Plans include gruelling weeks of 80km to 100km a week, including hefty sets such as 10x800m, while organisers in Germany are looking at offering financial rewards and incentives for the ironmen and ironwomen who manage the fastest 10x400m free set. The first camp is scheduled for Potsdam from January 4 to 17 next year. The set challenge sounds like something that could catch on as a spectator sport … for the dedicated, of course.
That looks pretty cool, prize money for the fastest set of 10X400, I love it. That would have been me in the old days in my fly lane. We once did 5X 1000 fly, and I led the entire way. Come meet day, the entire lane smokes me in the 200yd fly. I was an endurance guy before there even was a sport like triathlon.
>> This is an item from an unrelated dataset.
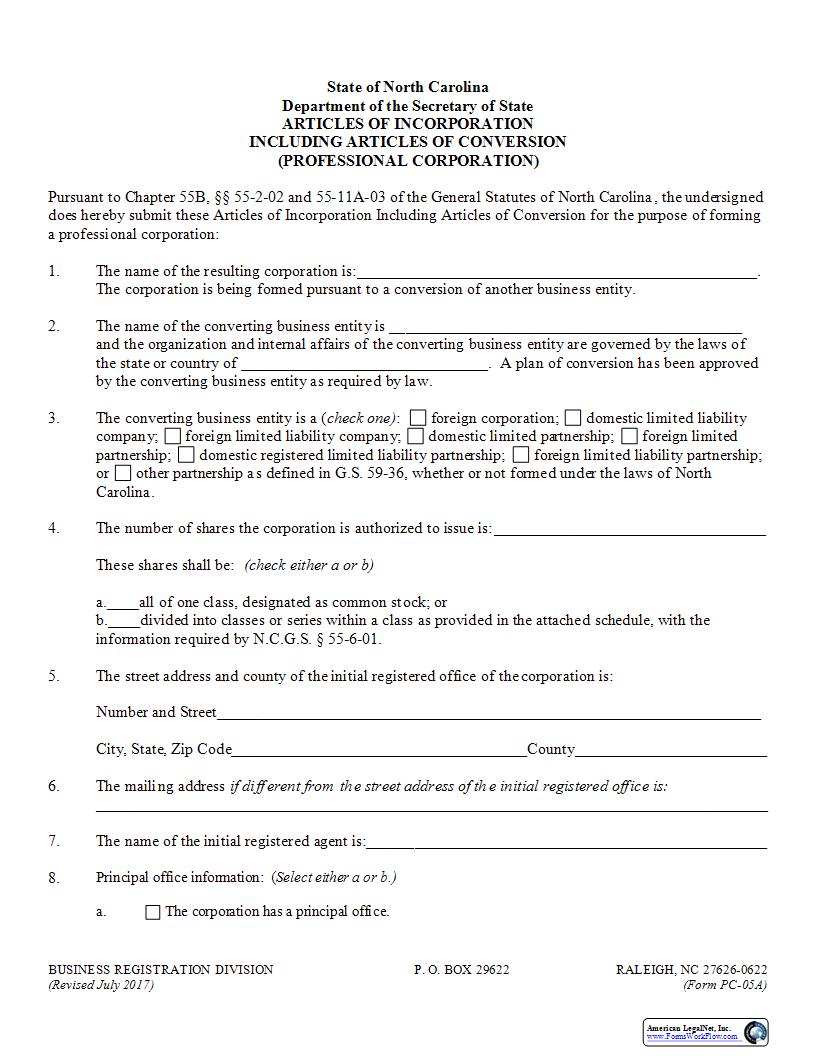 Articles Of Incorporation Including Articles Of Conversion {PC-05A} | Pdf Fpdf Docx | North Carolina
Good thing it came along too, gave people like me some place to do really long workouts, and get a medal at the end…
Maybe we need an ST 10X400 challenge. Do it however you want, any stroke, IM, pulling, kicking ect…Might be fun to see some of the times. I’m just about ready to attempt it as a pull set, maybe a couple more weeks…
Excuse my ignorance, but what is the difference between the fastest 10X400 and the fastest 4000? For a fastest set, does everyone have the same interval and they measure total time spend swimming?
They would do it on a cycle. So perhaps 10x400 on 6 minutes (the cycle they chose would be interesting).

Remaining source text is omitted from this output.